Return the material below exactly, but only from the line with "Вид на гору" through the line with "плохо брызгают форсунки", and without its pictures.

• **Provided information**
*** Begin section ***
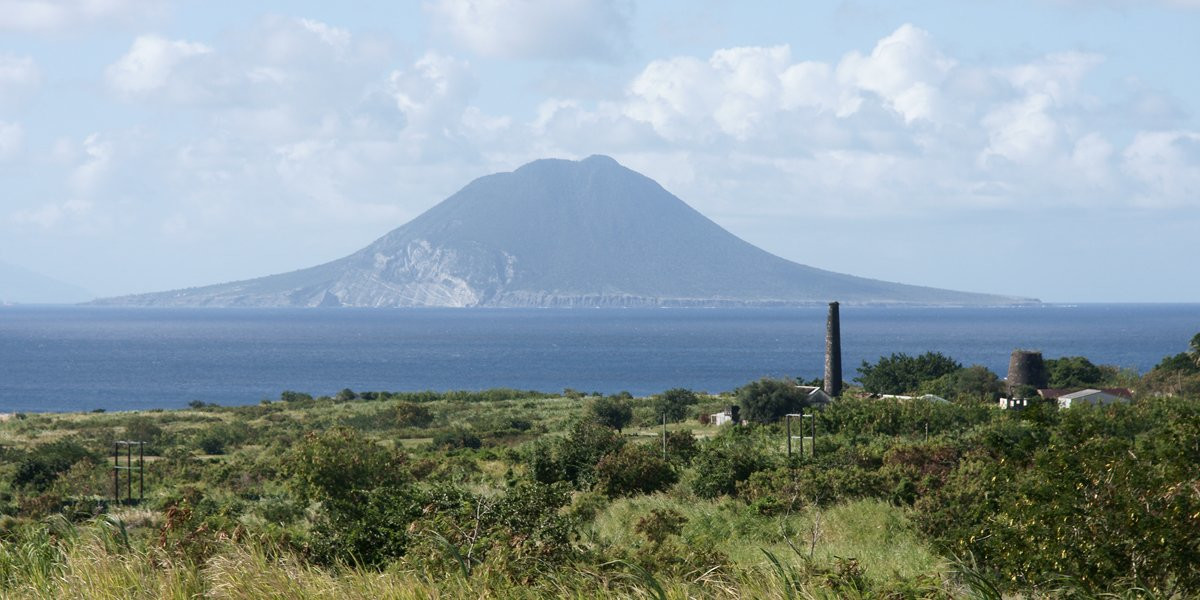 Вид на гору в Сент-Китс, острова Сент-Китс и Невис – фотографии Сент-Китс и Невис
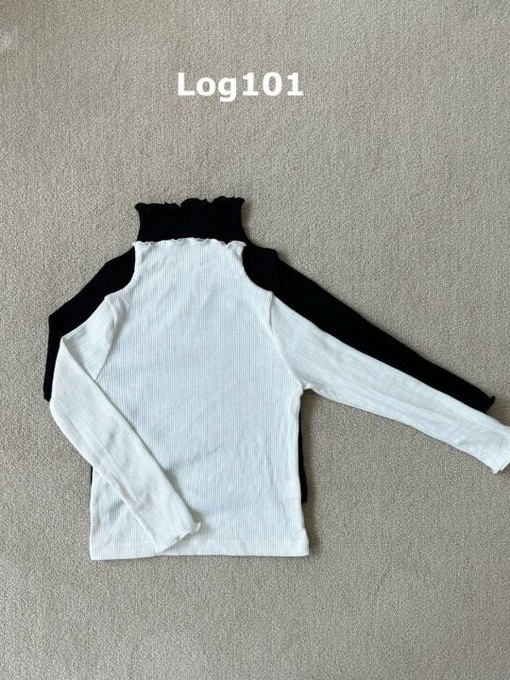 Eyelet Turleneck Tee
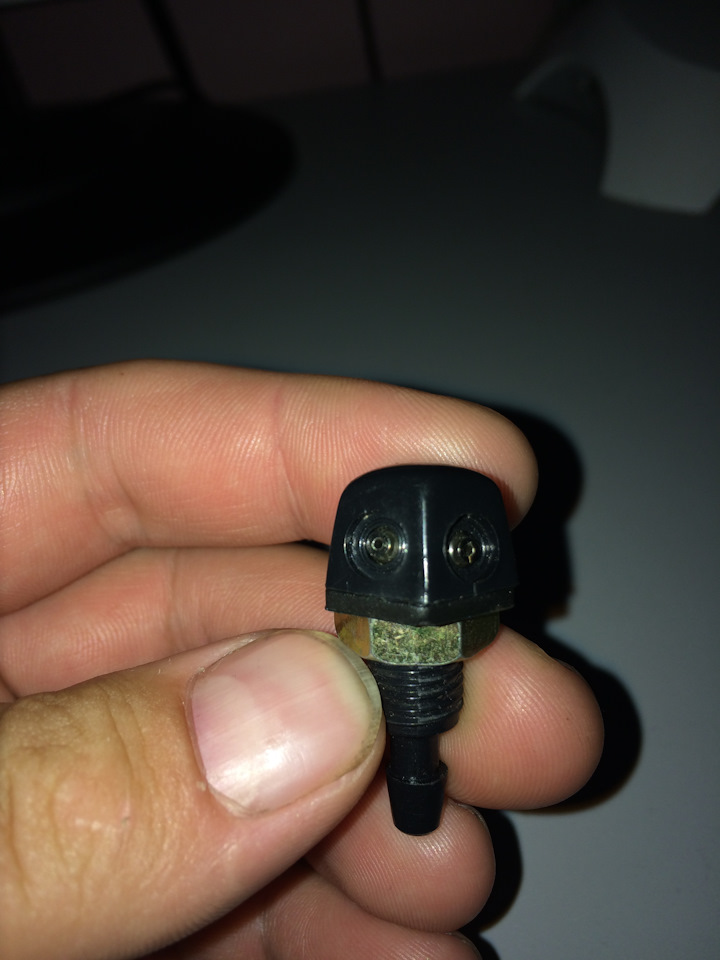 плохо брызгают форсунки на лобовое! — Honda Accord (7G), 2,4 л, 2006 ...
*** End section ***
*** Begin section ***
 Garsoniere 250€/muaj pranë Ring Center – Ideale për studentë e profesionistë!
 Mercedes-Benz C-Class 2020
*** End section ***
• **Solution to the exercise**
 Вид на гору в Сент-Китс, острова Сент-Китс и Невис – фотографии Сент-Китс и Невис
 Eyelet Turleneck Tee
 плохо брызгают форсунки на лобовое! — Honda Accord (7G), 2,4 л, 2006 ...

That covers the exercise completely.